The anionic rhodium quinone appears to operate in an "intriguing multifunctional manner," Sweigart says. One quinone oxygen binds the boron atom, while the other quinone oxygen binds to the metal counterion of the catalyst and indirectly activates the aldehyde or cyclohexenone substrate. Organization of this supramolecular intermediate is unique, Sweigart believes, and "offers opportunities to improve product yields and stereoselectivities compared with standard catalytic systems." For example, the cyclooctadiene ligand could be replaced by a chiral ligand, he says.

One of the promising derivative developments of rhodium quinones is the ability of the complex to coordinate other metals. In one example, soon to be published, Sweigart, Son, and graduate students Kang Hyun Park and Kwonho Jang discovered that deprotonation of the rhodium hydroquinone complex with Al[OCH(CH3)2]3 in tetrahydrofuran solvent results in the rapid formation of 400-nm catalytic nanospheres.

Because the nanospheres are formed directly from a rhodium-aluminum polymeric framework, solid catalyst supports such as silica or a polymer, typically used for heterogeneous catalysis, aren't required, Sweigart points out. The materials appear to be "the first self-supported organometallic nanocatalysts," he says, and could open new possibilities for making more stable, selective, and recyclable catalysts.

The researchers have found the insoluble, amorphous nanospheres to have high activity for stereoselective polymerization of phenylacetylene to form cis-poly(phenylacetylene). Polyacetylenes are an important class of polymers used in optoelectronics, and the cis isomer is needed for optimal performance in some applications, Sweigart notes.

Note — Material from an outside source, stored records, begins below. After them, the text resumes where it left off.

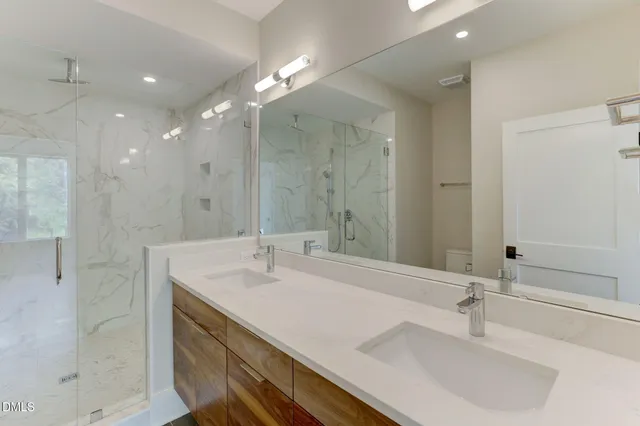 a bathroom with a sink double vanity and a mirror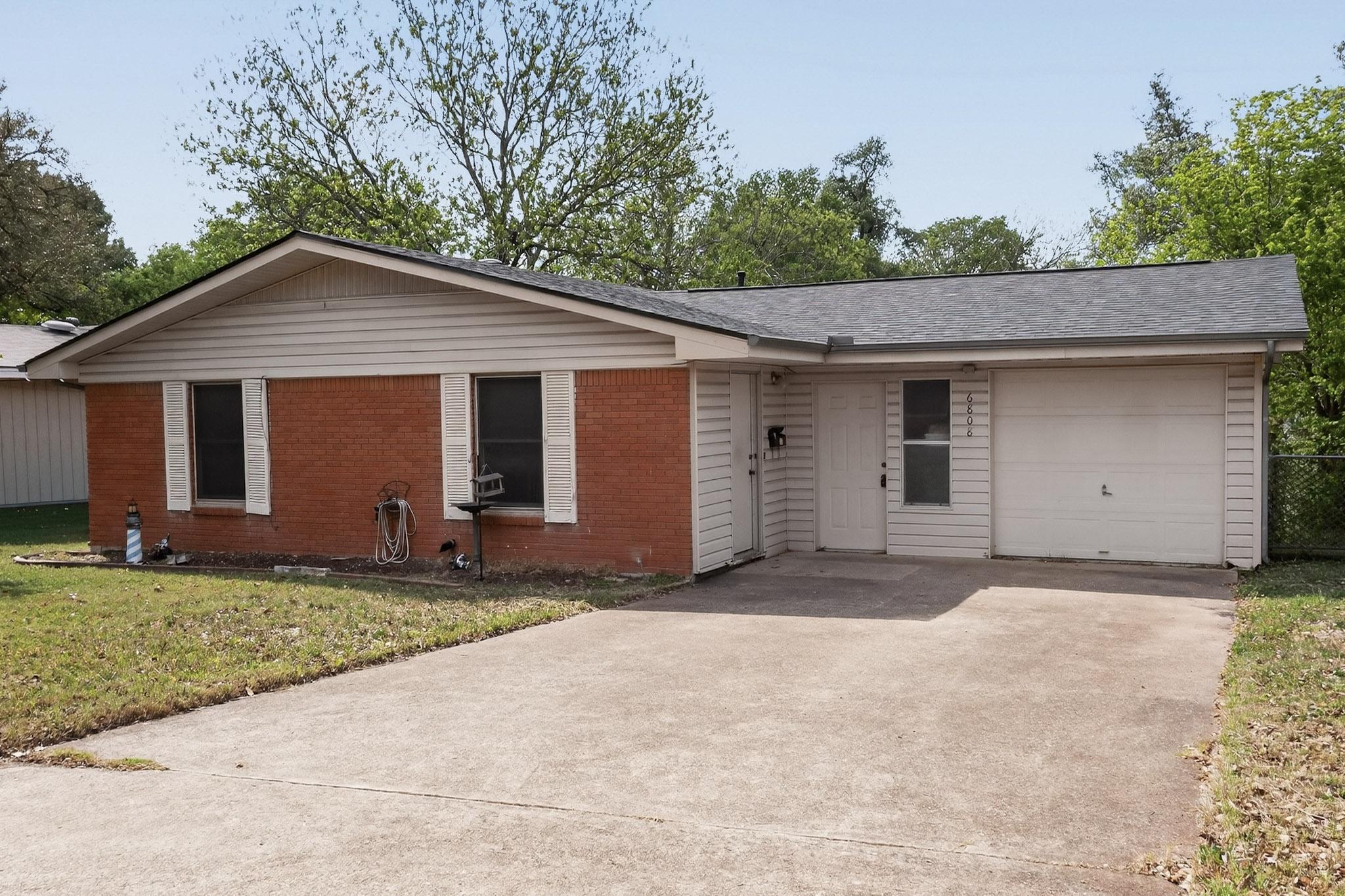 6808 Daugherty Street Austin, TX 78757 - Photo 6 of 20 a front view of a house with a yard and garage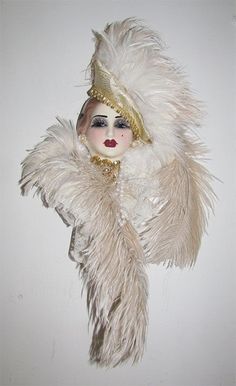 a white doll with feathers on it's head is wearing a gold and white costume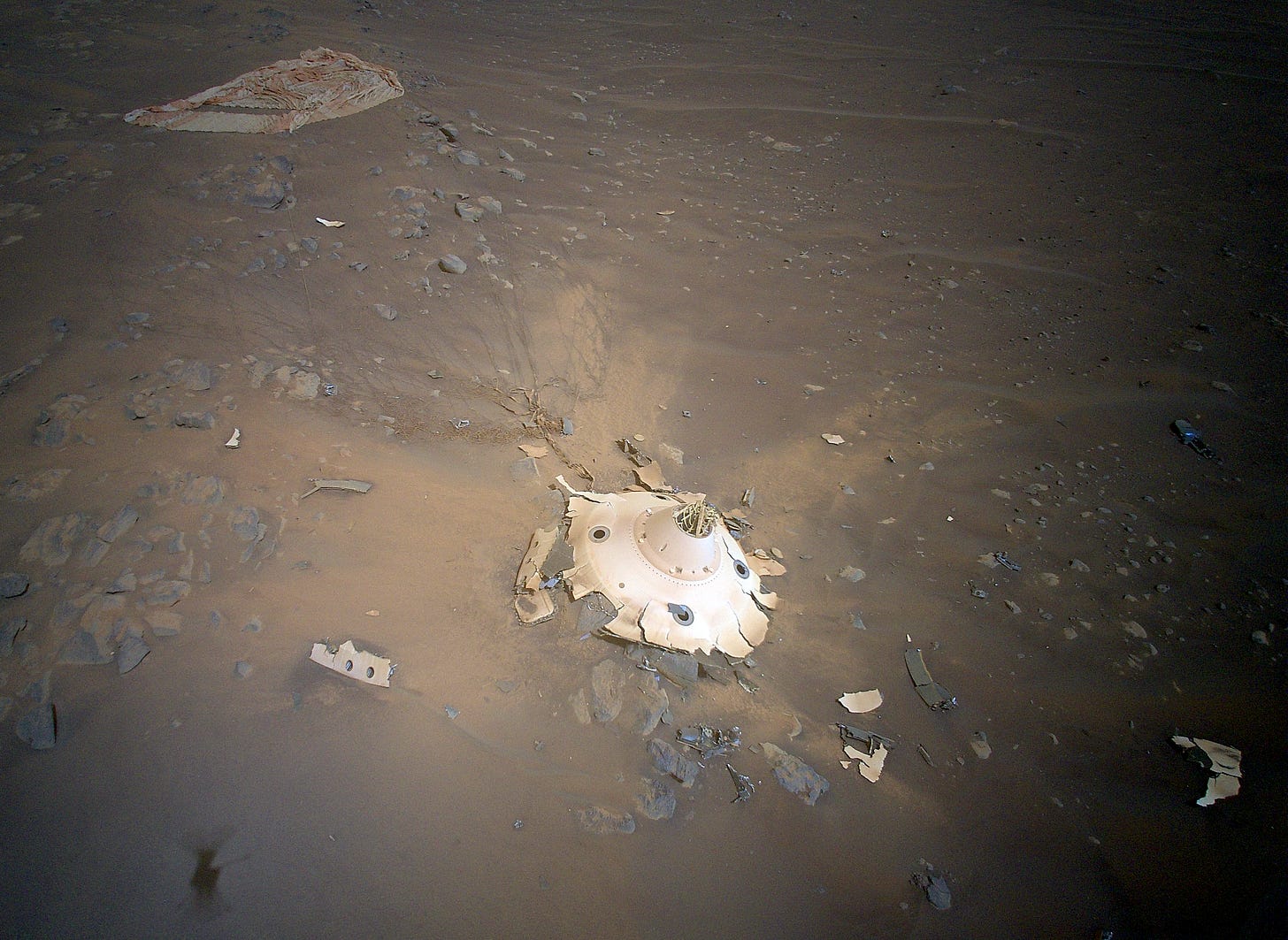 The pale, smashed backshell of the Persverance rover lies on the red-brown surface of Mars, surrounded by smaller pieces of debris. The collapsed and tattered parachute lies in the background.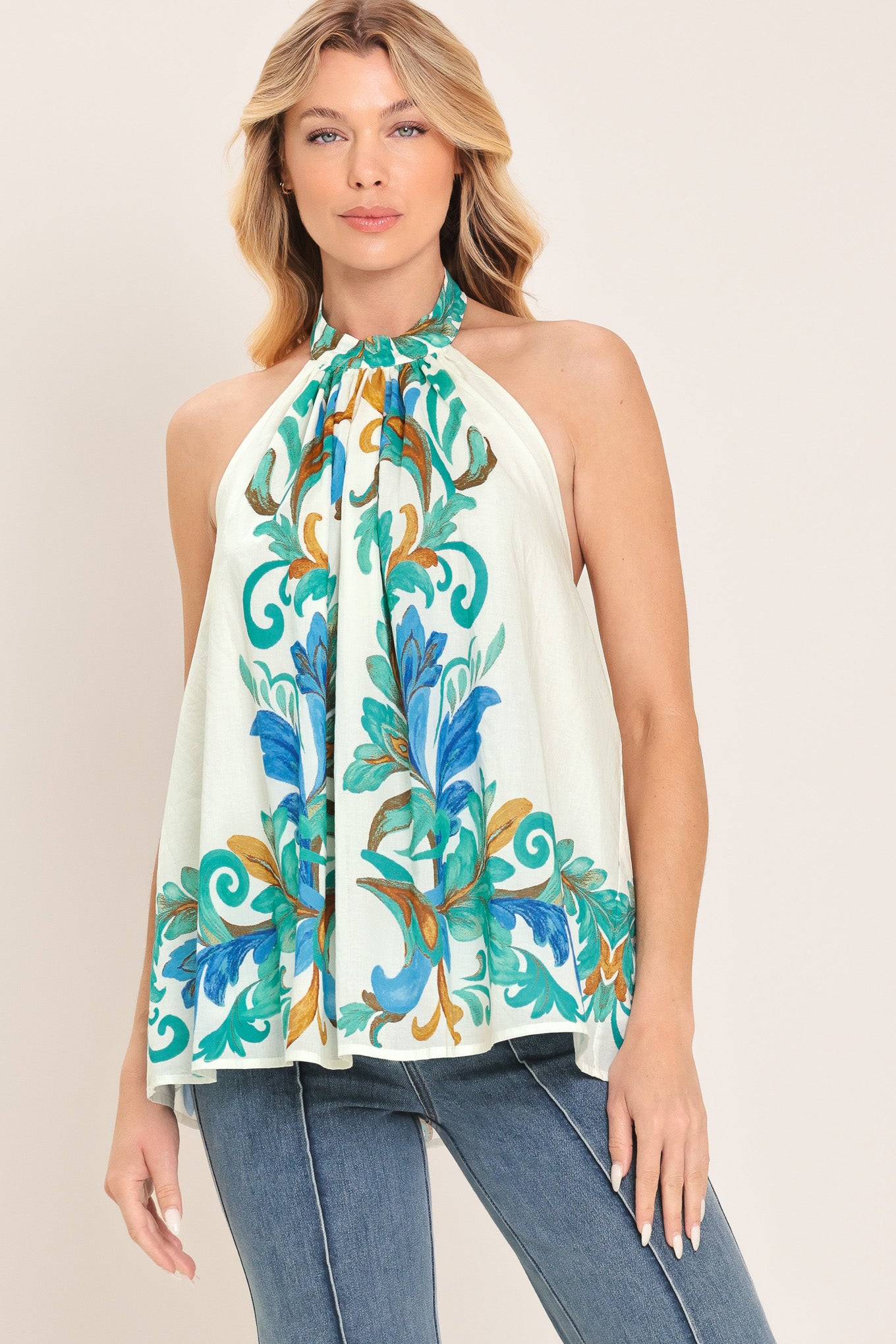 Woman wearing an ivory with mint and blue floral halter top | Flying Tomato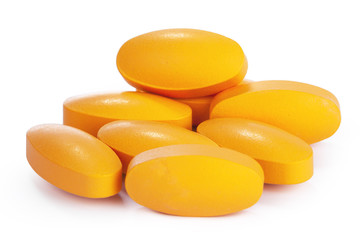 yellow vitamin pills isolated on white background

A related development is the formation of lithium alkoxide aggregates coupled by rhodium quinones, which could have potential as organolithium-catalyst reagents (Angew. Chem. Int. Ed. 2005, 44, 7710). Deprotonation of the rhodium hydroquinone complex by excess lithium tert-butoxide in tetrahydrofuran solvent, left standing over a period of weeks, slowly deposits crystals of a novel lithium cubane macromolecule, Sweigart notes. Two Li4O4 cubes are bridged by a pair of parallel rhodium complexes, with one quinone oxygen atom from each rhodium complex serving as one of the corners of each cubane unit.

Lithium cubanes with Li2O2 or Li4O4 units that share oxygen atoms are "fairly common" and are useful reagents in organic synthesis, Sweigart says. But the dimeric rhodium assembly is "an unprecedented example of lithium cubanes bridged by a transition-metal complex."

In a different vein, Sweigart and his team took advantage of the OH groups of the hydroquinone ligand on the cationic rhodium complex and the fluorine atoms of BF4- counterions to form a "charge-assisted" hydrogen-bonded framework (Chem. Commun. 2006, 708). They first traded the cyclooctadiene ligand of the rhodium complex for two triphenylphosphite ligands, P(OC6H5)3, to add some steric bulk to the system.

The charges on the rhodium complex and the counterion contribute to the hydrogen bonding, Sweigart says, and help form a supramolecular framework featuring channels lined entirely by hydrophobic phenyl groups. The material should be amenable to guest-host applications, such as serving as a model for hydrogen storage, he believes, which is a prospect the group is currently checking out.

"Sweigart's group has become a leader in the development of the coordination chemistry of quinone ligands with transition-metal ions," comments University of Colorado chemistry professor Cortlandt G. Pierpont, who has extensively studied transition-metal quinone chemistry. He cites the various facets of manganese and rhodium quinone chemistry as being significant contributions. In particular, the potential for chiral catalysis with the rhodium complex "should be an important future direction."

Sweigart and his colleagues are in the process of patenting the complexes and some applications through the university. While it's still early in the process, there's some initial industry interest in licensing or otherwise further developing the rhodium quinones, Sweigart relates.